No fueron detenidos por autoridades mexicanas porque, oficialmente, “no tienen cuentas pendientes con la justicia”. Así se consumó la reciente entrega de 17 familiares de Ovidio Guzmán López, alias “El Ratón”, al FBI en San Ysidro, California. Una mudanza pactada, ordenada, limpia, y en mi opinión personal, absolutamente escandalosa.

¿Qué sabe Ovidio Guzmán que le permitió no solo negociar una muy probable reducción de su sentencia, sino garantizar el blindaje logístico y político para su círculo familiar más cercano? ¿Qué tan valiosa es la información que tiene en sus manos para que el Departamento de Justicia de Estados Unidos reciba a su familia con alfombra roja?

Las respuestas incomodan, no porque no las sepamos, sino porque preferimos no mirar de frente lo que revelan: que el sistema de justicia mexicano es ya un actor irrelevante en la disputa de poder entre facciones del crimen organizado; que muchas de nuestras instituciones no solo han perdido el monopolio de la fuerza, sino también el del juicio.

La estrategia es clara. Premiar la colaboración de un bloque criminal a cambio de información útil para intereses de cualquier otra clase. A Ovidio se le ofrece una negociación, a “Los Mayos” se les acusa de terrorismo. El mensaje no puede ser más claro: si te portas bien con nosotros, puedes negociar; si no, te desmantelaremos.

El gobierno de Trump (al igual que los de sus antecesores) entiende que los pactos con el narco no pasan por la moral, sino por la utilidad.

En este contexto, sorprende que la presidenta Claudia Sheinbaum exija explicaciones y que abiertamente diga en su conferencia mañanera que no sabía nada al respecto. México, una vez más, optó por mirar hacia otro lado.

El problema no es solo la asimetría jurídica entre ambos países. Es la comodidad con la que permitimos que sea otro el que administre nuestra justicia. Durante años, los casos de alto perfil han terminado en cortes estadounidenses: García Luna, El Chapo, Cienfuegos (aunque lo regresamos), Caro Quintero, ahora Ovidio, y falta su hermano Joaquín y su padrino “El Mayo” Zambada.

El mensaje es brutal: el sistema mexicano no tiene ni la capacidad, ni la voluntad, ni el interés de procesar a sus propios monstruos.

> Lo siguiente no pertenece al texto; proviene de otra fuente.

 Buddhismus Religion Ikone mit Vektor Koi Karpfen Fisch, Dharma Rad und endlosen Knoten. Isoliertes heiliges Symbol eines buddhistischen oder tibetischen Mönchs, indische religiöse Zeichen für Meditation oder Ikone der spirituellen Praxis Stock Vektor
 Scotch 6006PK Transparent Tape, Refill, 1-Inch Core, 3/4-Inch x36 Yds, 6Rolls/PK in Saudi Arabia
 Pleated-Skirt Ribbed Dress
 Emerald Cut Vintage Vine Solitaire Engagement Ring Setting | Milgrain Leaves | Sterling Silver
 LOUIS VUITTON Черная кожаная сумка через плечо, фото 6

Hay otro ángulo igualmente perturbador. Si Estados Unidos pudo facilitar la entrada de 17 personas relacionadas de alguna forma con una organización criminal sin mayor fricción, ¿qué pasaría si quisiera hacer lo mismo, pero en sentido contrario?, ¿podría deportar a testigos incómodos o filtrar información sesgada?, ¿cuánto pesa nuestra “amistad” cuando se trata de intereses estratégicos al norte del río Bravo?

Volvamos a la pregunta inicial: ¿De qué tamaño es la información que Ovidio está ofreciendo? Yo pensaría que lo suficiente como para comprometer estructuras completas de lavado de dinero, rutas de trasiego y —lo más sensible— nombres de cómplices gubernamentales activos y retirados en México e inclusive, América Latina.

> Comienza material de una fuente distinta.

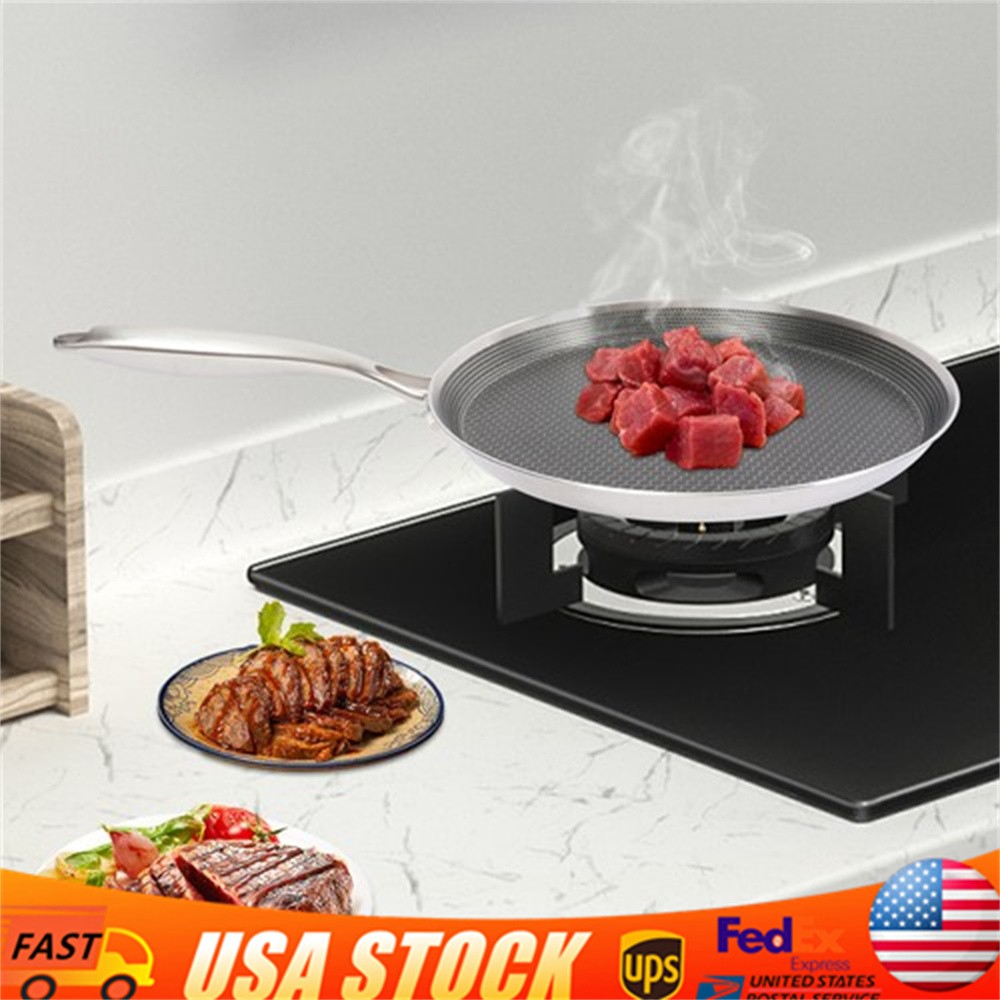 11in Stainless Steel Crepe Pan Pancake Pan Non Stick Cooking Pan For Kitchen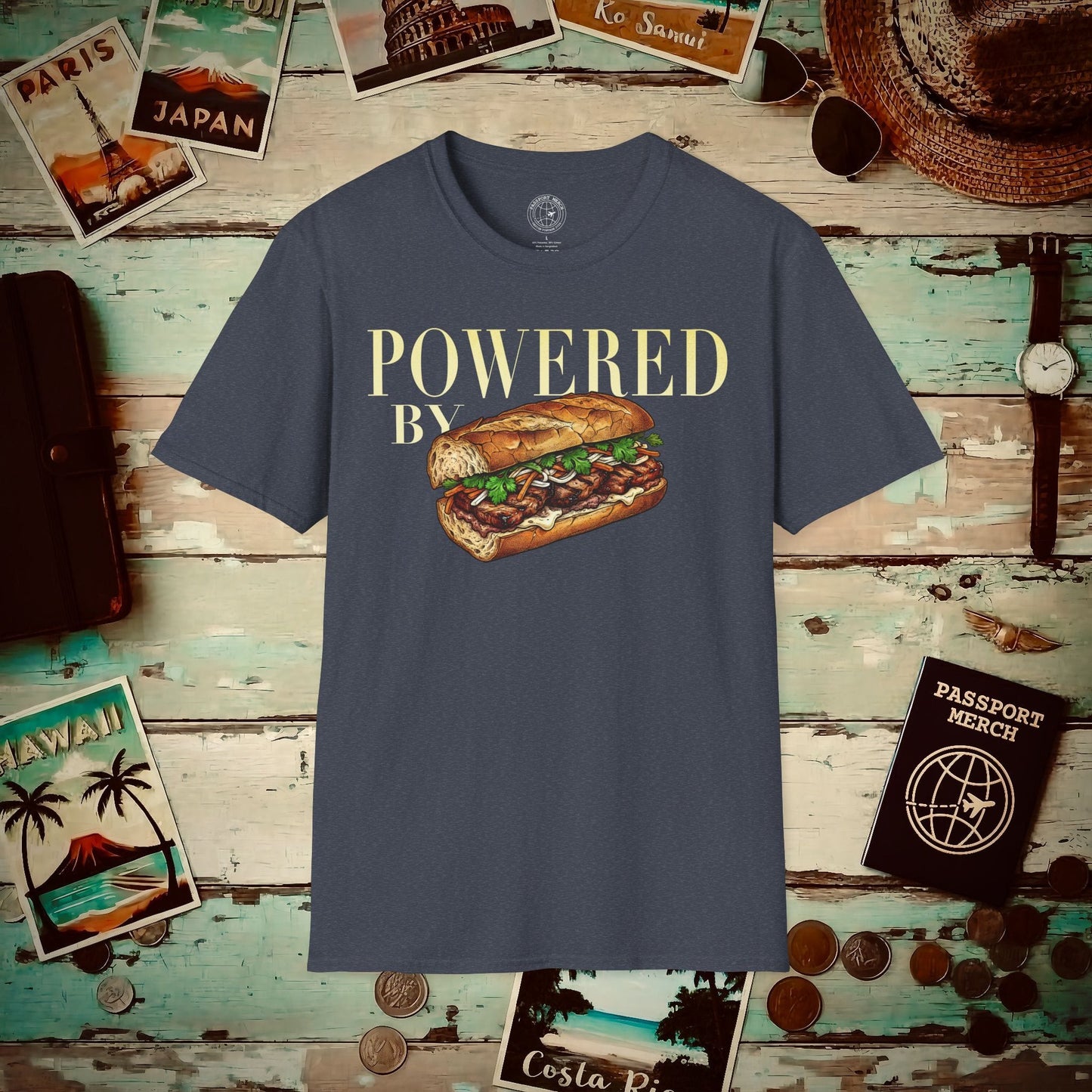 Powered by Banh Mi, Vietnam T-Shirt Heather Navy / S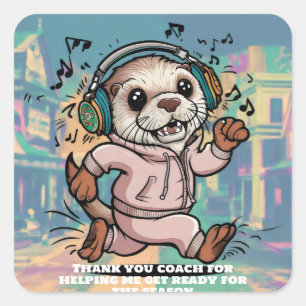 Running sea otter wearhing sweatsuit & earbuds square sticker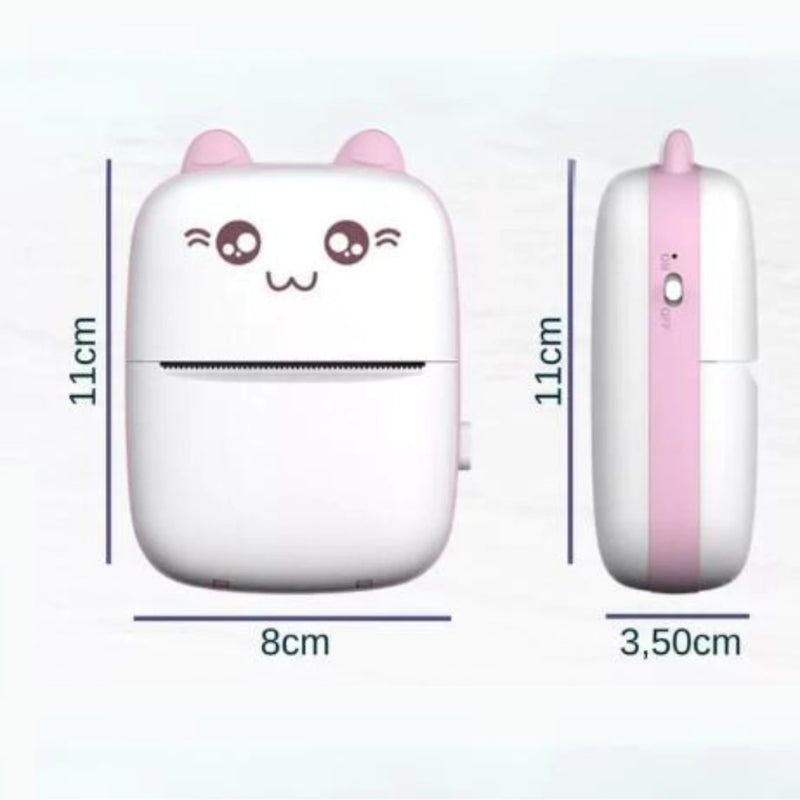 Mini Impressora Térmica Gatinho Portátil Sem Fio Bluetooth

La justicia estadounidense no regala nada. Si ofrece impunidad (selectiva), es porque va a recibir algo con un valor mucho mayor.

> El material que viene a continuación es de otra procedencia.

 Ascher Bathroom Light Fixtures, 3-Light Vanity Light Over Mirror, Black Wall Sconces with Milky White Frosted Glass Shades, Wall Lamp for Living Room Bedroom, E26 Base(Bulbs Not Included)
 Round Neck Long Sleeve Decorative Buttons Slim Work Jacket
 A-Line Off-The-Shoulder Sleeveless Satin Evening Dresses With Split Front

En resumen: no estamos viendo solo una negociación judicial, sino un reacomodo geopolítico dentro del crimen organizado. Y México, como tristemente se ha vuelto costumbre, está siendo un simple espectador.

POSTDATA – El caso contra Genaro García Luna, exsecretario de Seguridad Pública, fue construido a base de criminales convictos convertidos en testigos cooperantes. No se necesitaron pruebas o evidencias documentales, solo voces dispuestas a hablar. Ese precedente ya está escrito con tinta indeleble en los tribunales de Estados Unidos. La siguiente acusación de alto perfil en México no dependerá de expedientes, sino de testimonios y conveniencias.